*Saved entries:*
━━━━━━

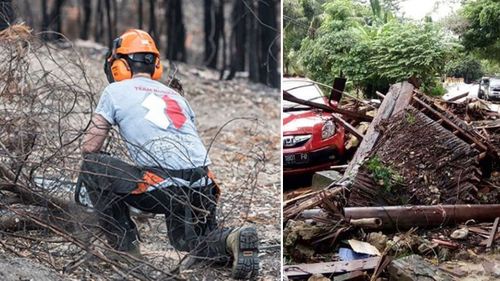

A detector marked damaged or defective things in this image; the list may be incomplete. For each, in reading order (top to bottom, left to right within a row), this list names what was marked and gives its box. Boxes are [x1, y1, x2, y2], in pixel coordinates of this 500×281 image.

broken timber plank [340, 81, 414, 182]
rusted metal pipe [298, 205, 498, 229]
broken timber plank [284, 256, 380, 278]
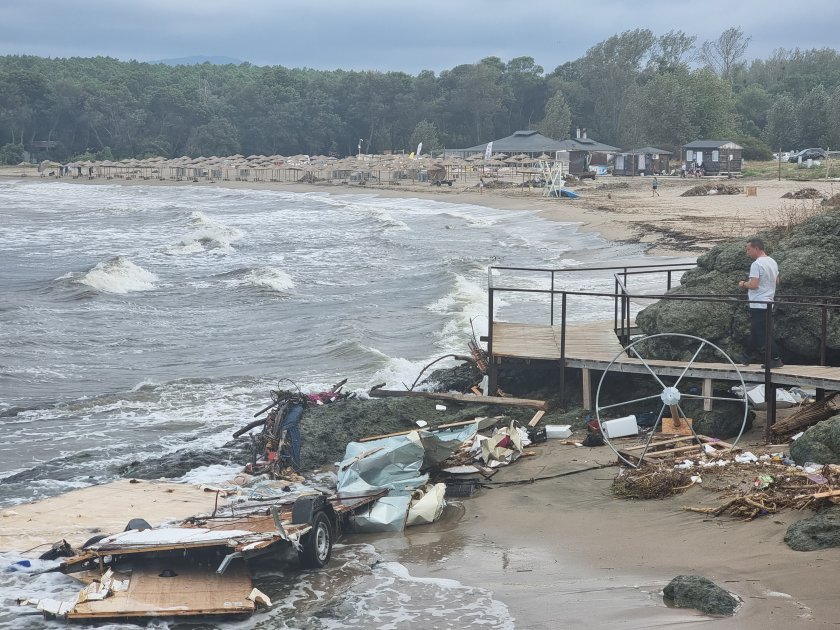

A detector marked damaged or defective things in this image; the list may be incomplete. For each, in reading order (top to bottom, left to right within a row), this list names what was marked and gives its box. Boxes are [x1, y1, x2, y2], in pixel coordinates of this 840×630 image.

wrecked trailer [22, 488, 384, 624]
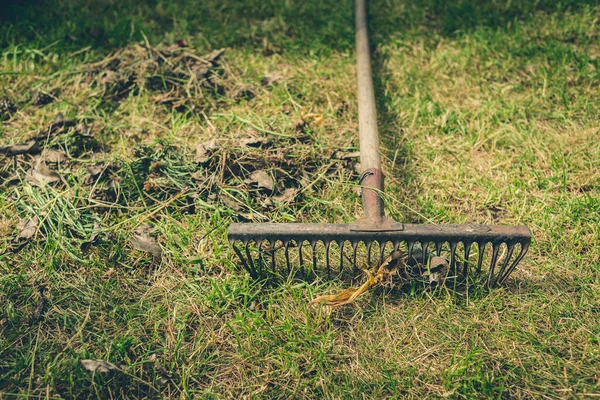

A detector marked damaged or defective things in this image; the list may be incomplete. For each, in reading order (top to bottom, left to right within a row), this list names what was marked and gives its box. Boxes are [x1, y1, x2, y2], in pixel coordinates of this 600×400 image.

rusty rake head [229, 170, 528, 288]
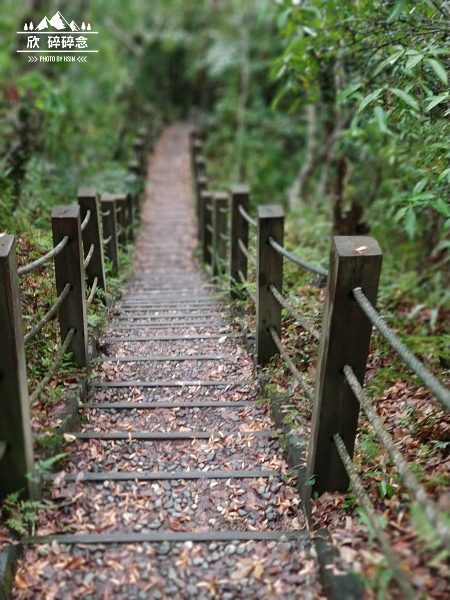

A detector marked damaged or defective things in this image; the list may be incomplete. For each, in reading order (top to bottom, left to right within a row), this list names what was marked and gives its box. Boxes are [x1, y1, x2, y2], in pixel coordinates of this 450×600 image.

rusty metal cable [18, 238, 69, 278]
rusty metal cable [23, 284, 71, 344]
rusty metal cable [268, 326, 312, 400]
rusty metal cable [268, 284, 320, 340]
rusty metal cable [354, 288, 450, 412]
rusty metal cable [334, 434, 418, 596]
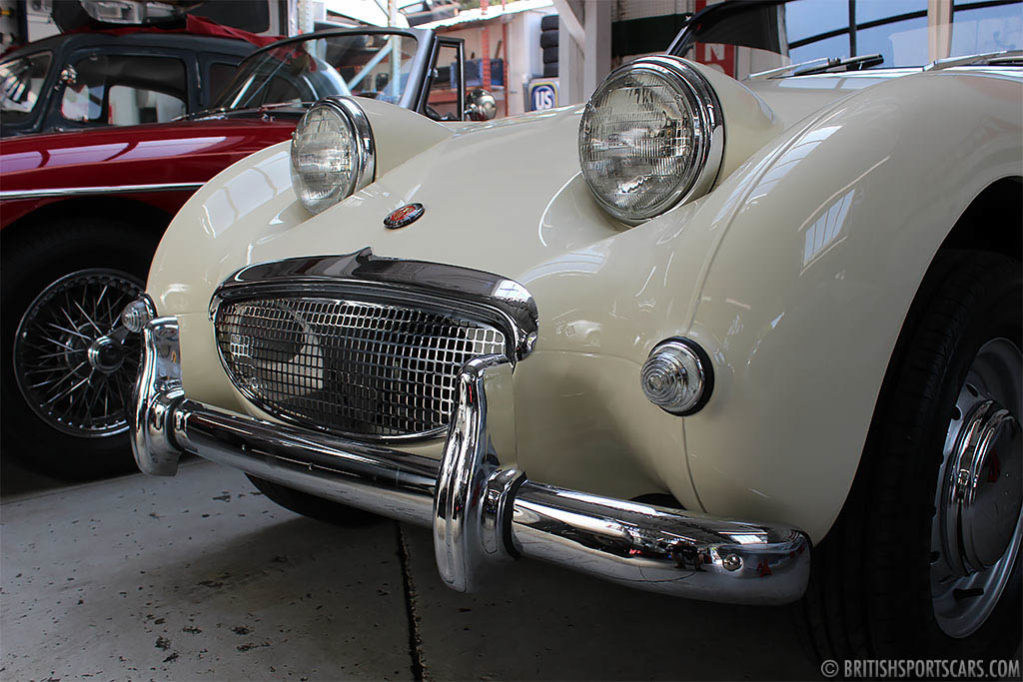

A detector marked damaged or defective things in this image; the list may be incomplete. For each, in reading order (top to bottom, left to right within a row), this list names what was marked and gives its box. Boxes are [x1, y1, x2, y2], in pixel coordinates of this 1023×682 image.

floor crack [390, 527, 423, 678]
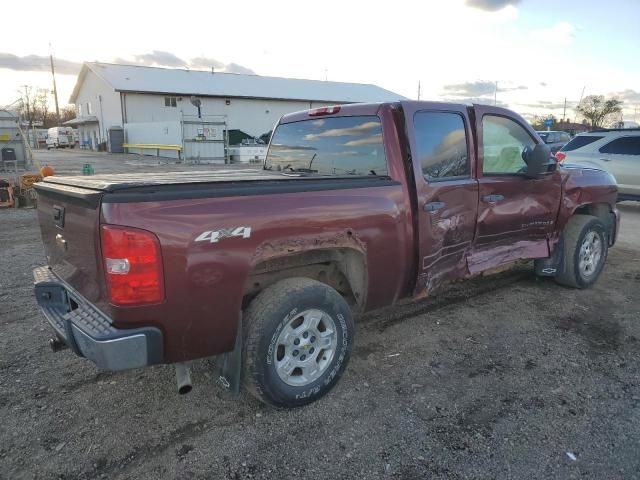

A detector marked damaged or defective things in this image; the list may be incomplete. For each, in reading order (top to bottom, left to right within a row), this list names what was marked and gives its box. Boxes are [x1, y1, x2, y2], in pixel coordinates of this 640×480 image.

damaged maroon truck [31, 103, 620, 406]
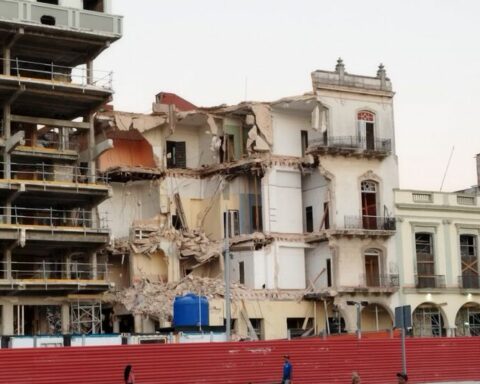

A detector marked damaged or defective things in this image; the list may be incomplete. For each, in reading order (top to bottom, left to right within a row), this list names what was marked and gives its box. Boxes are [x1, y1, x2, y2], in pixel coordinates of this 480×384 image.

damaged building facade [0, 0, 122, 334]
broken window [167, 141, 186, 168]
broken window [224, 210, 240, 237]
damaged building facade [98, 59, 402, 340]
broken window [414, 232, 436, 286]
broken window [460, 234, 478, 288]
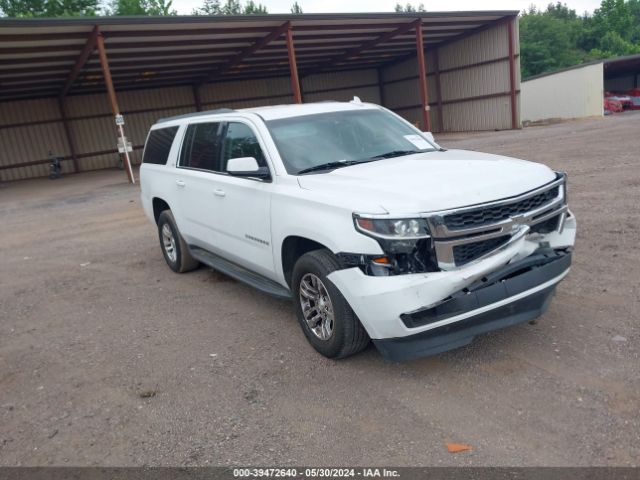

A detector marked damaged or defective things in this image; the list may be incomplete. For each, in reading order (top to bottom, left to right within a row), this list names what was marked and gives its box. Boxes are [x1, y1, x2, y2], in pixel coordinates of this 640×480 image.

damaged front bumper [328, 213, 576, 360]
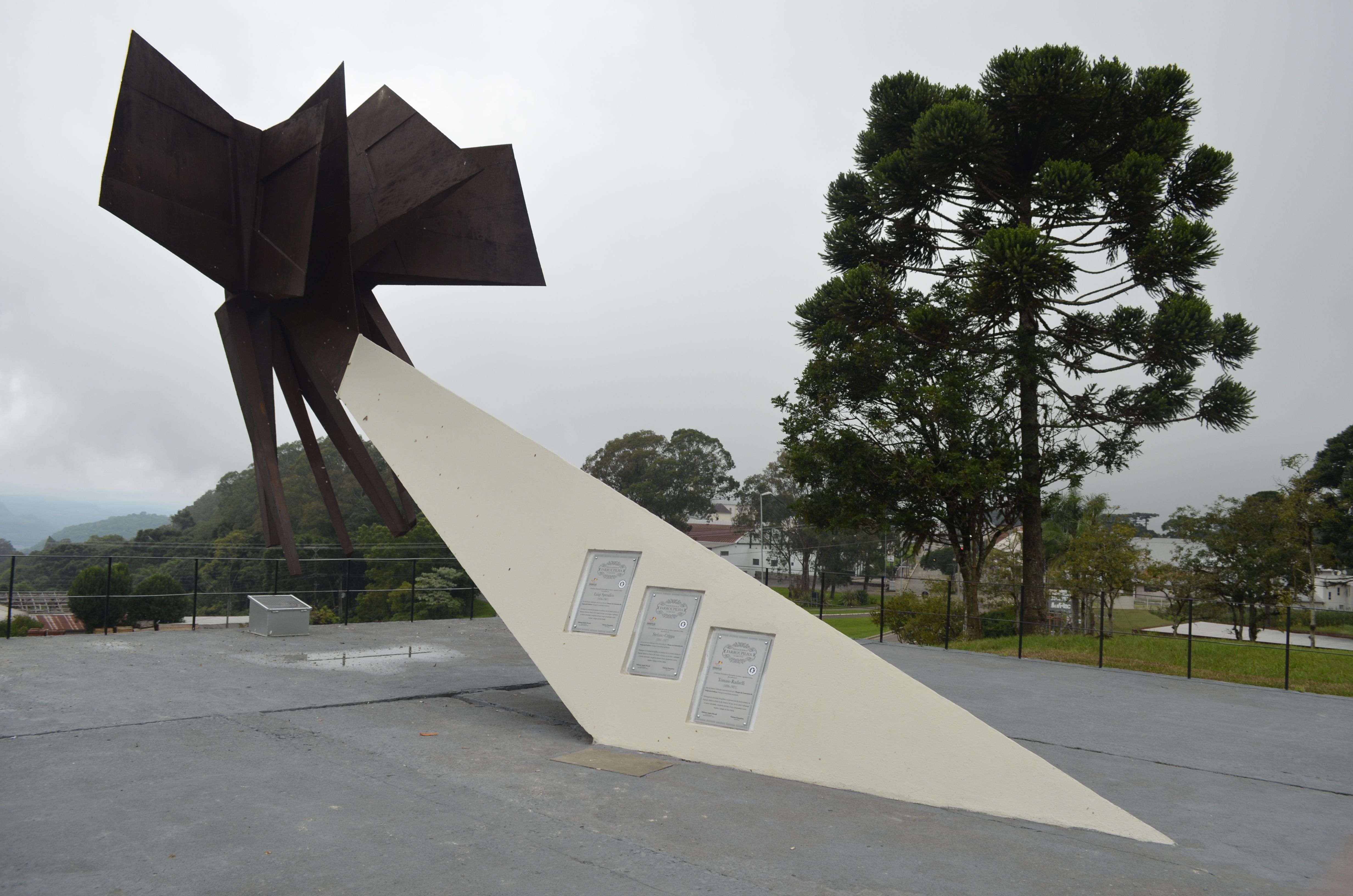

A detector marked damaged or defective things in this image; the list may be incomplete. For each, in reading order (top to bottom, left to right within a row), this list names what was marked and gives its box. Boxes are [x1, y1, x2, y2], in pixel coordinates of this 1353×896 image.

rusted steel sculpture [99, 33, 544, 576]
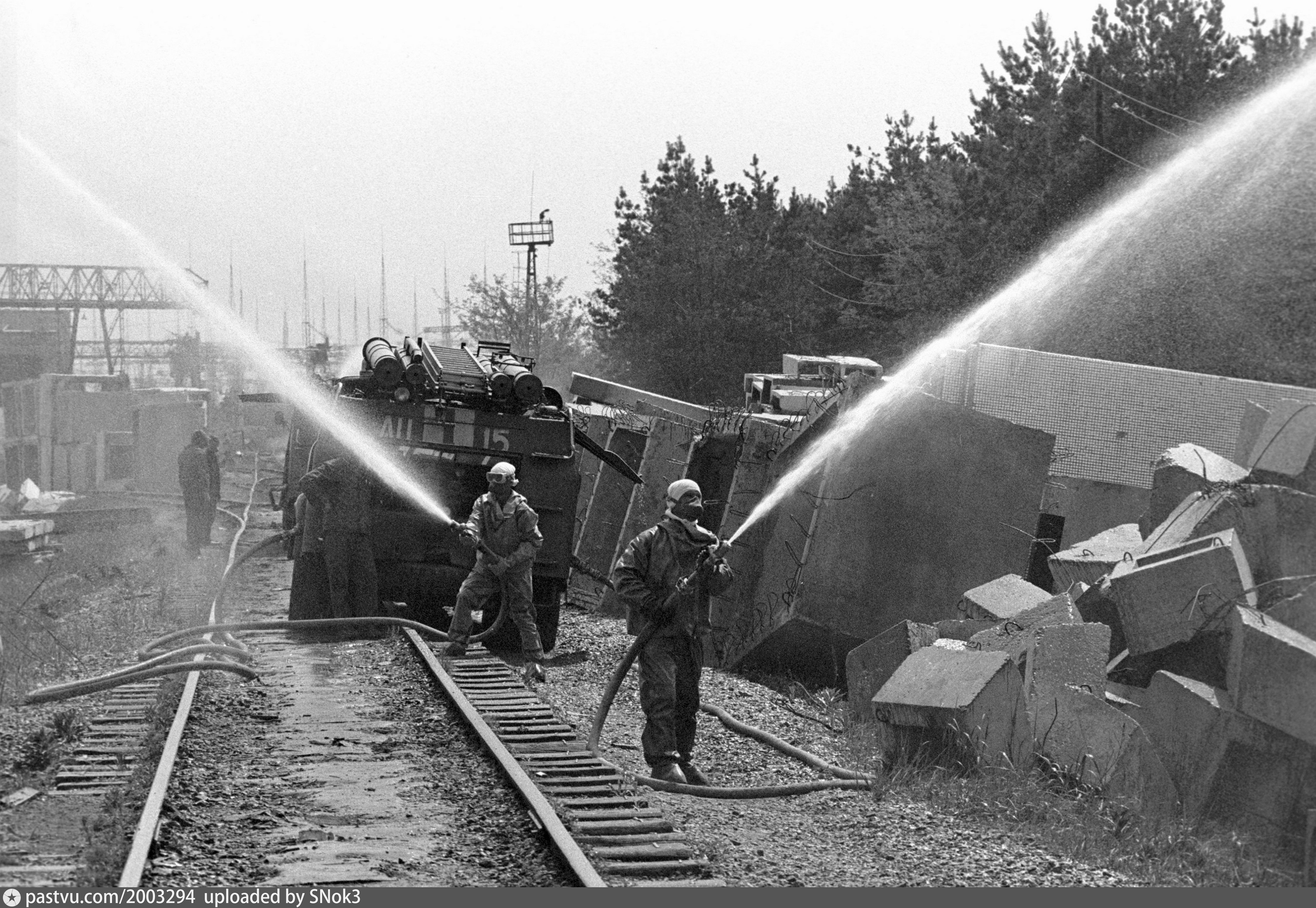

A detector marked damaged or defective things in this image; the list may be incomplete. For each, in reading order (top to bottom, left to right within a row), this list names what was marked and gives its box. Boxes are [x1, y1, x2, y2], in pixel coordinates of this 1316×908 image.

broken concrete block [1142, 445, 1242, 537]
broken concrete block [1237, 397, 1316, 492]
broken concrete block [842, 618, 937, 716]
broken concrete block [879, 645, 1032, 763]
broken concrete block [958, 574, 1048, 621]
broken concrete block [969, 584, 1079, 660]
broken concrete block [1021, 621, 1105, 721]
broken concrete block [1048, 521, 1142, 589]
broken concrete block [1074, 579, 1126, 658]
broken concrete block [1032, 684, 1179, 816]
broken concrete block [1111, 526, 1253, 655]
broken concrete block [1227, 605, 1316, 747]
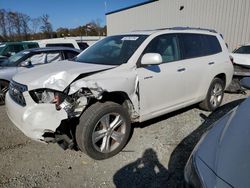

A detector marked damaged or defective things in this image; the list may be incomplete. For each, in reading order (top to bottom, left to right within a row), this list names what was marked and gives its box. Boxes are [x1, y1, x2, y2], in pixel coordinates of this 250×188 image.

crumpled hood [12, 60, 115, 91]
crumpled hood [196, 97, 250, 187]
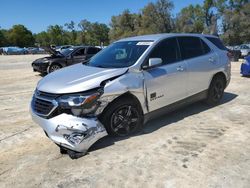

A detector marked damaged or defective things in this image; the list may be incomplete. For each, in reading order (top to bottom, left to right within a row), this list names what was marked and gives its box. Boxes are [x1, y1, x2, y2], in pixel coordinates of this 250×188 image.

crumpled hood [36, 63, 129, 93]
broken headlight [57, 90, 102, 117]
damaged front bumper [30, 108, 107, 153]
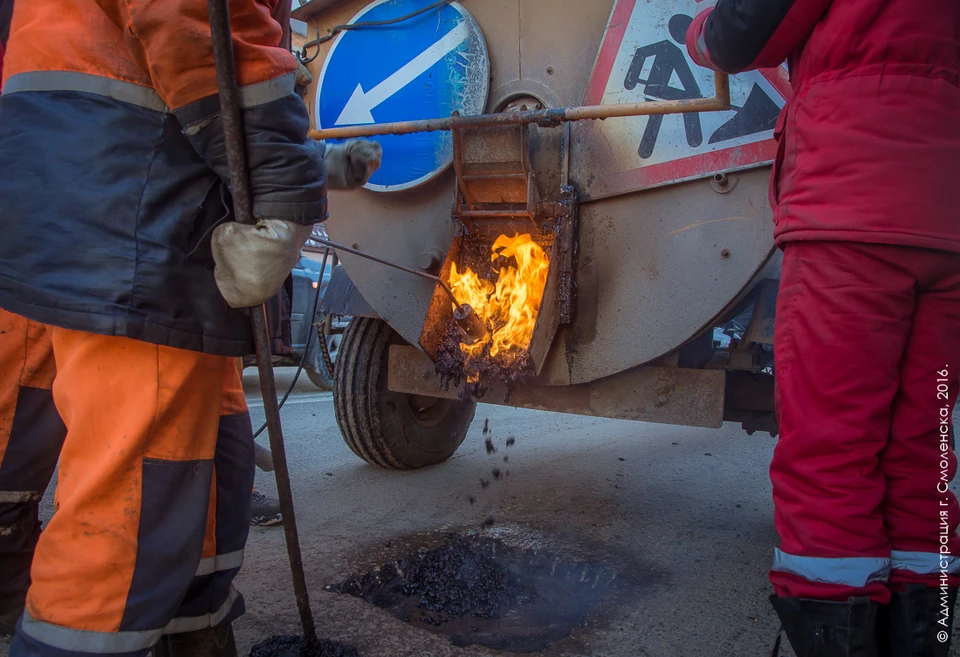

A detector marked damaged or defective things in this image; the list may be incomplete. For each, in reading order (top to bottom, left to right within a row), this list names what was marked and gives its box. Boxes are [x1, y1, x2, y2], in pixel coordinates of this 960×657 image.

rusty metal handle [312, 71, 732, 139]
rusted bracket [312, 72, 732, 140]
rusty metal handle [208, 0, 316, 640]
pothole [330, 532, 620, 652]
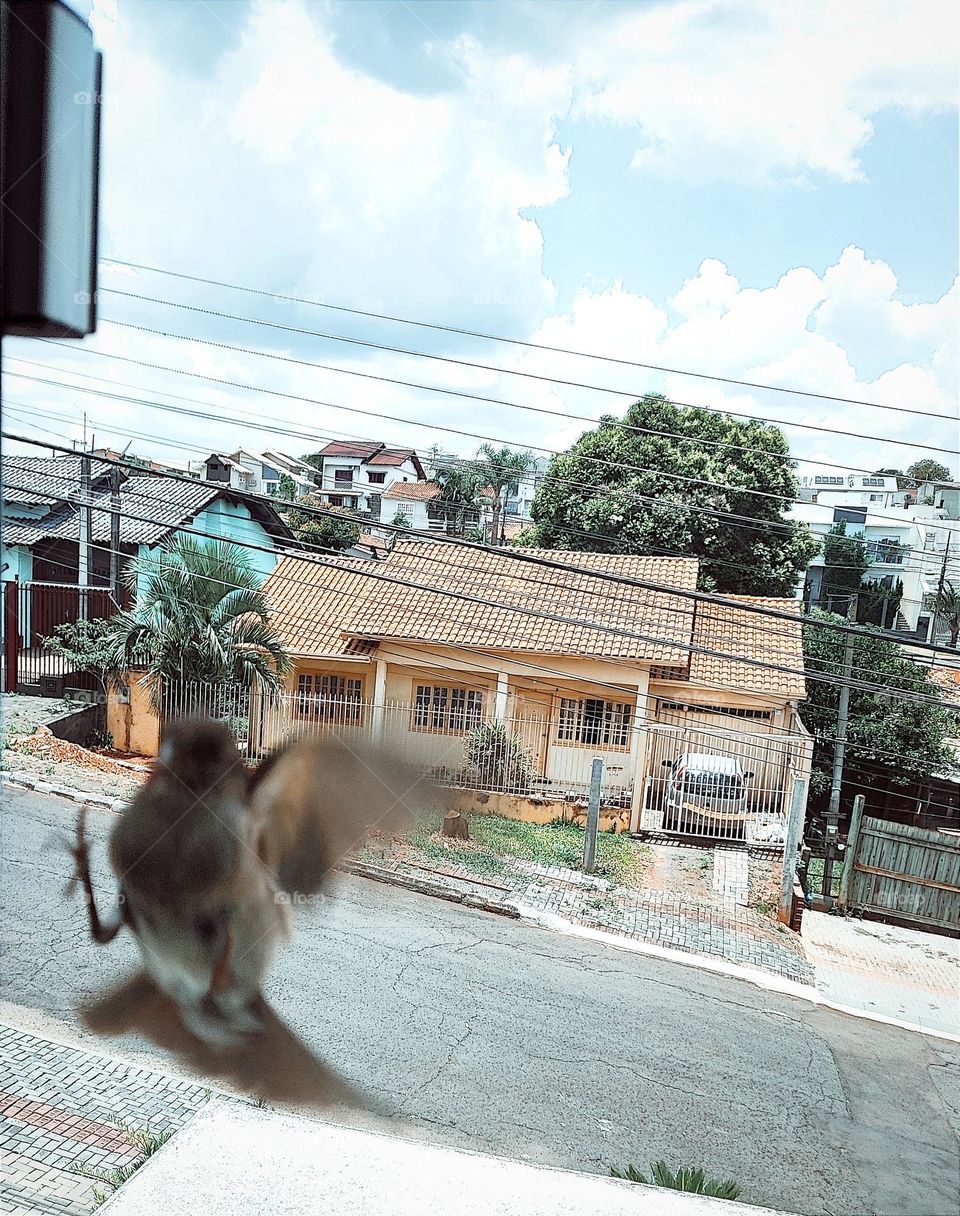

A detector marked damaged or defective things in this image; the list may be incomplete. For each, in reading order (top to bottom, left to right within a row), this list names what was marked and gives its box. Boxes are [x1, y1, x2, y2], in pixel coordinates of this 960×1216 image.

━━━━━━

*TASK DESCRIPTION:*
Leave images out of the retyped records; keep all else exact.

*FINISHED TASK:*
A detector marked damaged or defective things in this image; the list may be incomplete. For each, in reading order (top to bottom, left to right within a row), this list names what was marked and gives its box. Boxes are [x1, y1, x2, y2], in pixel coordinates of this 500×281 image.

broken timber plank [340, 81, 414, 182]
rusted metal pipe [298, 205, 498, 229]
broken timber plank [284, 256, 380, 278]

A detector marked damaged or defective things in this image; the list may be incomplete. For each, in reading order (top to bottom, left to right within a row), this list names what was marked and gives its box. Boxes are [x1, y1, x2, y2], in pixel coordinates of this 840×630 image.

wrecked trailer [22, 488, 384, 624]

A detector marked damaged or defective things in this image; the list may be incomplete. For each, in reading order (top to bottom, left to right within a row), this list names what was marked and gives its box. Boxes are [x1, y1, x2, y2], in pixel coordinates of this 600×400 image.

rusty rake head [229, 170, 528, 288]

A detector marked damaged or defective things in this image; the list may be incomplete. For each, in reading order (top to bottom, left to right within a row), this list names what was marked and gives its box. Boxes are [x1, y1, x2, y2], in pixel coordinates of this 450×600 image.

rusty metal cable [18, 238, 69, 278]
rusty metal cable [23, 284, 71, 344]
rusty metal cable [268, 326, 312, 400]
rusty metal cable [268, 284, 320, 340]
rusty metal cable [354, 288, 450, 412]
rusty metal cable [334, 434, 418, 596]

A detector marked damaged or defective things in this image; the list may be incomplete. For each, in reading order (top to bottom, left to right within a row), this list names what was marked and gives its box. Boxes are [x1, y1, x2, y2], in pixel coordinates of this 1023×682 image.

floor crack [390, 527, 423, 678]

A detector marked damaged or defective things in this image; the list may be incomplete. For each, in reading order (top to bottom, left to right within a row), this list names what was marked and gives its box. Boxes are [x1, y1, x2, y2], in pixel coordinates of this 640×480 image.

damaged maroon truck [31, 103, 620, 406]

A detector marked damaged or defective things in this image; the list may be incomplete. For each, in reading order (top to bottom, left to right within a row), this list names what was marked and gives its box. Boxes are [x1, y1, x2, y2], in pixel coordinates of this 480×384 image.

damaged building facade [0, 0, 122, 334]
broken window [167, 141, 186, 168]
broken window [224, 210, 240, 237]
damaged building facade [98, 59, 402, 340]
broken window [414, 232, 436, 286]
broken window [460, 234, 478, 288]

A detector marked damaged or defective things in this image; the list may be incomplete. For each, in reading order (top to bottom, left to right within a row), this list names what was marked and gives its box. Boxes are [x1, y1, x2, y2], in pixel coordinates of this 640×480 image.

damaged front bumper [328, 213, 576, 360]

A detector marked damaged or defective things in this image; the list may be incomplete. For each, in reading order (top to bottom, left to right within a row), this list names what was marked and gives its box. Boxes are [x1, y1, x2, y2], in pixel coordinates of this 1353×896 image.

rusted steel sculpture [99, 33, 544, 576]

A detector marked damaged or defective things in this image; the list may be incomplete. For each, in reading order (top to bottom, left to right within a row), this list names what was marked and gives its box. Boxes are [x1, y1, x2, y2], in pixel coordinates of this 1316×908 image.

broken concrete block [1142, 445, 1242, 537]
broken concrete block [1237, 397, 1316, 492]
broken concrete block [842, 618, 937, 716]
broken concrete block [879, 645, 1032, 763]
broken concrete block [958, 574, 1048, 621]
broken concrete block [969, 584, 1079, 660]
broken concrete block [1021, 621, 1105, 721]
broken concrete block [1048, 521, 1142, 589]
broken concrete block [1074, 579, 1126, 658]
broken concrete block [1032, 684, 1179, 816]
broken concrete block [1111, 526, 1253, 655]
broken concrete block [1227, 605, 1316, 747]

A detector marked damaged or defective things in this image; the list may be incomplete. For each, in reading order (top to bottom, left to right within a row), this list names what was marked and gives its box. Boxes are [x1, y1, x2, y2], in pixel coordinates of this 250×188 image.

crumpled hood [12, 60, 115, 91]
crumpled hood [196, 97, 250, 187]

A detector marked damaged or defective things in this image; the list may be incomplete. For each, in reading order (top to bottom, left to right within a row), this list names what was marked and gives its box. Boxes are [x1, y1, x2, y2], in pixel coordinates of this 250×188 image.

crumpled hood [36, 63, 129, 93]
broken headlight [57, 90, 102, 117]
damaged front bumper [30, 108, 107, 153]

A detector marked damaged or defective things in this image; the list may be incomplete. For each, in reading order (top to bottom, left to right within a row), this list names what was marked and gives its box. Boxes are [x1, y1, x2, y2], in pixel coordinates of this 960×657 image.

rusty metal handle [312, 71, 732, 139]
rusted bracket [312, 72, 732, 140]
rusty metal handle [208, 0, 316, 640]
pothole [330, 532, 620, 652]

A detector marked damaged or defective things in this image; the list may be incomplete. For each, in reading order (top to bottom, left to right within a row), this list names what was marked and gives its box. Boxes are [x1, y1, x2, y2], in pixel coordinates of this 960×1216 image.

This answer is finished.